The Fair Labor Standards Act (FLSA) protects workers by mandating minimum wage be paid and any time worked over 40 hours in a workweek be paid at 150% of the worker’s hourly rate. The Act, enacted in 1938, was designed to ensure that “each employee covered by the Act would receive a fair day’s pay for a fair day’s work and would be protected from the evil of overwork as well as underpay.”
Employers are not required to pay overtime for workers deemed exempt from this regulation. The Act has been updated seven times since 1938. Updates have included salary increases and interpretations of exemptions. The last update was in 2004. Generally to be considered exempt, the employee must meet three criteria: salary basis, salary level and duties tests.
First, the employee needs to be paid on a salary basis. To be paid on a salary basis means the employee receives full pre-determined salary for any week in which the employee performs any work, without regard to the number of hours or days worked, or the quantity or quality of work.

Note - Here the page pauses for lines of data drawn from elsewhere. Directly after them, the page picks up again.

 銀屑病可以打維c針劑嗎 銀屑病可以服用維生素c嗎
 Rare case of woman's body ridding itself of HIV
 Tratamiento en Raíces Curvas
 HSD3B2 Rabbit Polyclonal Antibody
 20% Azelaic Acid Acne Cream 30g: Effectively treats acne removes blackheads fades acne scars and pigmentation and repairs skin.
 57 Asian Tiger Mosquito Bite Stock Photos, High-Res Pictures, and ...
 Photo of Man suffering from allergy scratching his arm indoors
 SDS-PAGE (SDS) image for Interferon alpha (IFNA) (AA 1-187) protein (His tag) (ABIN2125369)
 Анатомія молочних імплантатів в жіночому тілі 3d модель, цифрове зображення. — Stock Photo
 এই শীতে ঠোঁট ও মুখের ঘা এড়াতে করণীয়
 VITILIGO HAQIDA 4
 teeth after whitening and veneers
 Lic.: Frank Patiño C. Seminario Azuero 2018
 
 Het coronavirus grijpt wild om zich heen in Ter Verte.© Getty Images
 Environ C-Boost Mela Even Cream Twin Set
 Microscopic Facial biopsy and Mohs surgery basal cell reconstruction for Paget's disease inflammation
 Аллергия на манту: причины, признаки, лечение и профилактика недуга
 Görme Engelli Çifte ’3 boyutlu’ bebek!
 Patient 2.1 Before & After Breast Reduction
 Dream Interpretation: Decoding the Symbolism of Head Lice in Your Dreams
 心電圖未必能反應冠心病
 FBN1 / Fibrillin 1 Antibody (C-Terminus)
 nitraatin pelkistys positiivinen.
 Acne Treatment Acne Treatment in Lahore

Next, the employee’s weekly salary level must be at least $455. Finally, the employee must perform duties that fall under exempt categories of executive, administrative, and professional. These categories and others are described in the Wage and Hour Division’s Part 541 regulations.
Last month, the proposal to revise this regulation considers excluding or limiting nondiscretionary bonuses based on a predetermined formula from the salary basis. Frequently, this type of compensation is used in retail and restaurant industries and does not guarantee a fixed salary until criteria is met. One consideration in the proposal would place a 10% cap on such bonuses.
The principal impact of this proposal would be a new minimum salary amount. Rather than a precise dollar figure, the proposed rule establishes the minimum salary level equal to the 40th percentile of weekly earning for full-time salaried workers based on the Bureau of Labor Statistics (BLS) or using the Consumer Price Index – for all urban consumers (CPI-U). The amount that appears in the proposed regulation is $921 based on 2013 BLS data. The revised regulation will likely be effective in the spring or summer of 2016. The Bureau of Labor Statistics, which provides the benchmark stated in the proposal projects $970 for the 2016 level when the regulation will be finalized.
Meeting the minimum salary level or amount is considered the “best single test” to determine whether the position is exempt. However, all three tests (salary level, salary basis and duties tests) must be met for the position to qualify as exempt from the FLSA.
There is a possibility the new regulation may also change the duties test which describes the actual obligations of executive, administrative and professional positions. Currently, California law requires exempt employees be “primarily engaged in exempt duties,” defined as performing exempt duties at least 50% of their work time. There is suspicion that a similar standard may be released in the final rule since California’s “primarily engaged in exempt duties” definition was referenced in the proposal.
The DOL estimates 4.6 million exempt workers who make less than the 40th percentile will be affected by this legislation in the first year. Additionally, 36,000 employees who are exempt because they currently meet the highly compensated standard of $100,000, but less than the 90th percentile of salaried workers per the BLS statistics as proposed will be affected. It is time to audit compensation policies and practices.